Task for the records below: repeat the line containing "متوفر واتساب" and every line after it, exactly and with nothing else, but leave out the pictures.

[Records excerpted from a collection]
=-=-=-=-=

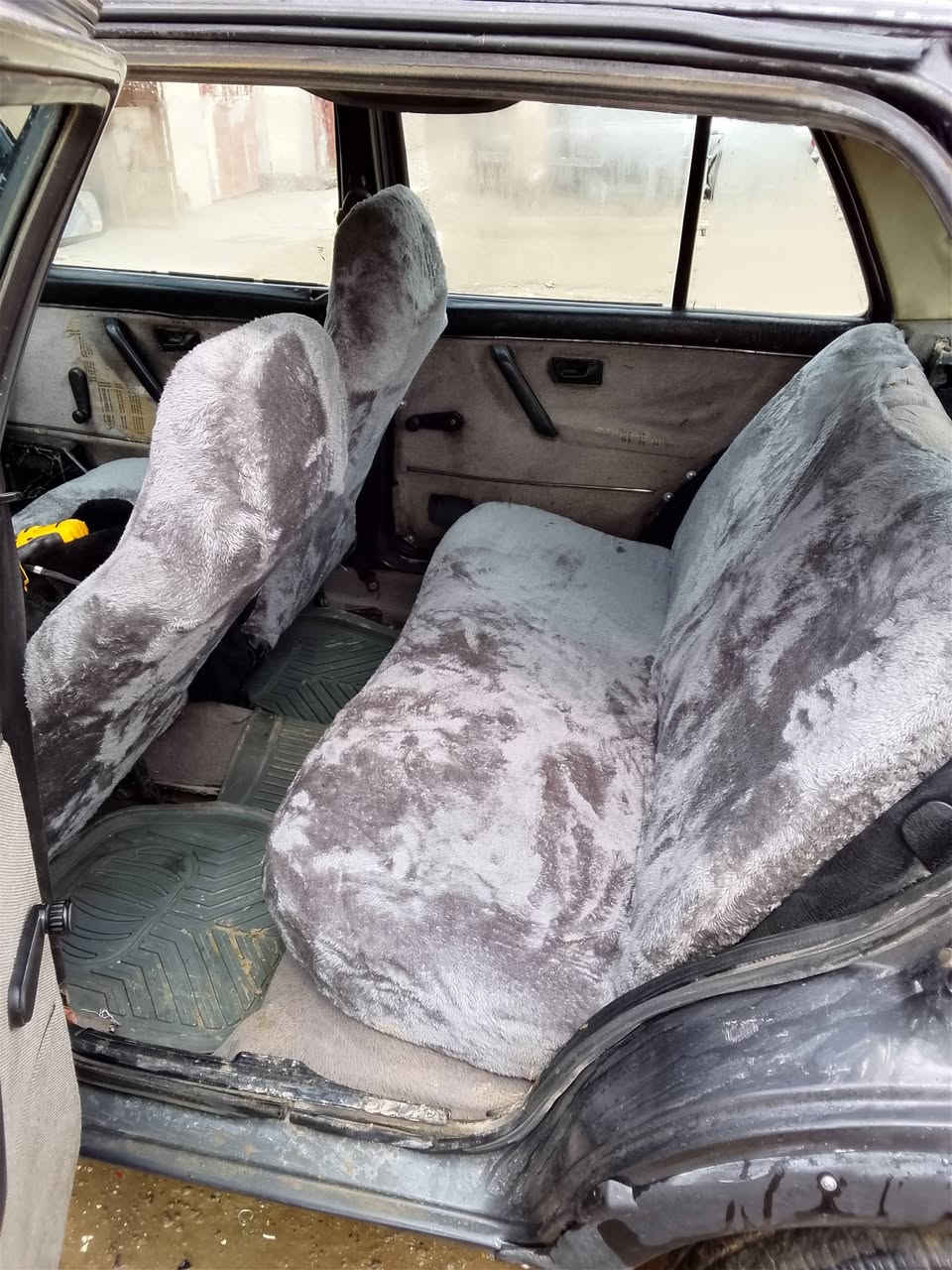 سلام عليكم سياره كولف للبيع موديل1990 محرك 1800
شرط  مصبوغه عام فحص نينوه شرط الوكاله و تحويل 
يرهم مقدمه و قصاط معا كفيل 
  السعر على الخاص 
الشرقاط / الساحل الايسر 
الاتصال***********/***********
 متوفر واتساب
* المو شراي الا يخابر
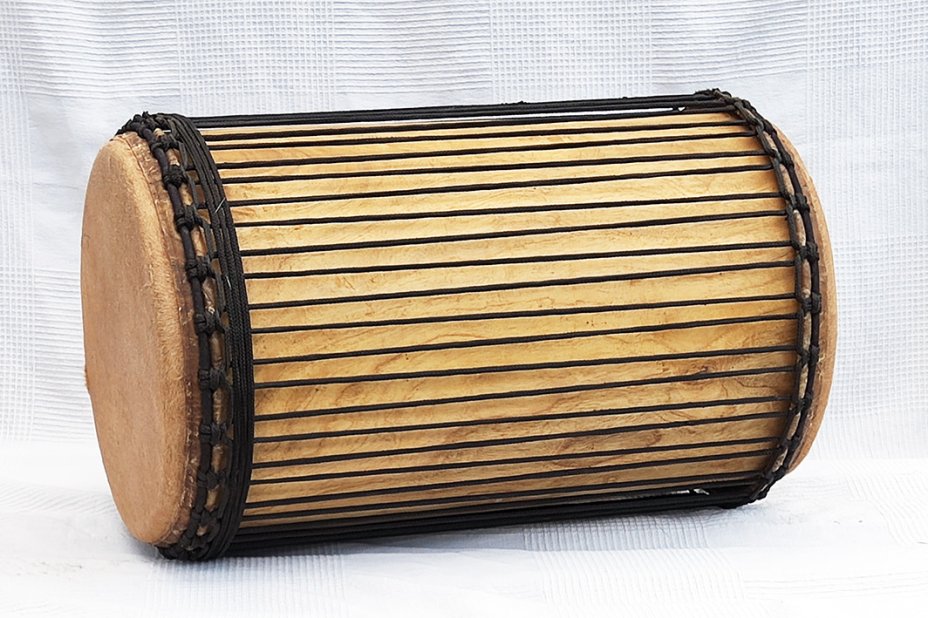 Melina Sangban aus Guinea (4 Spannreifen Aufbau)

=-=-=-=-=

RESULT FOR THIS EXERCISE:
 متوفر واتساب
* المو شراي الا يخابر
 Melina Sangban aus Guinea (4 Spannreifen Aufbau)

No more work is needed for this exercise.